If you are publishing a scoped package and it is your first publish, you may see an error about payment. Scoped packages default to restricted (private), which requires a paid npm plan. To publish a scoped package as public for free:

npm publish --access public

Or set this permanently in your package.json:

"publishConfig": {
  "access": "public"
}

Verify your package is live

Open your package page in a browser:

https://www.npmjs.com/package/your-package

Replace your-package with your actual package name. You should see your README, your version number, and the metadata from your package.json.

You can also verify from the terminal:

npm view your-package

What you should see

The same metadata block you saw in lesson 1 when you ran npm view multicorn-shield, but now showing your own package. The dist-tags line should show latest: 1.0.0 (or whatever version you published).

Try installing your own package in a temporary directory to confirm it works:

mkdir /tmp/test-install
cd /tmp/test-install
npm init -y
npm install your-package

What you should see

added 1 package in 1s

(The exact number of packages may be higher if your package has dependencies.)

Open node_modules/your-package/ and confirm the files match what npm pack --dry-run showed. Your dist files should be there. Your test files and source files should not.

What you cannot undo

Once a version is published to npm, you can unpublish it within 72 hours. After 72 hours, you cannot remove it. Even within that window, unpublishing is discouraged because other people may already depend on that version.

The practical implication: treat every publish as permanent. Dry run first. Read the output. Be certain before you hit enter.

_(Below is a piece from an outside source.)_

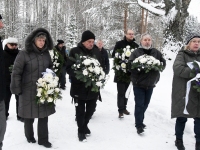 Metsavennad Kose kirikus ja kalmistul. Foto: Urmas Saard / Külauudised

If you publish a version with a bug, the correct response is to publish a new patched version, not to unpublish the broken one. We cover this workflow in lesson 5.

Checkpoint

Before moving on:

1. Run npm whoami and confirm you are logged in.
2. Run npm publish --dry-run and read every line.
3. If this is a real package you intend to publish, run npm publish and verify the package page appears on npmjs.com.
4. If this is a practice exercise, you can create a scoped test package under your own npm username (e.g. @your-username/test-package) and publish that instead.

Your package is live. The next lesson covers how to manage version numbers as you ship updates.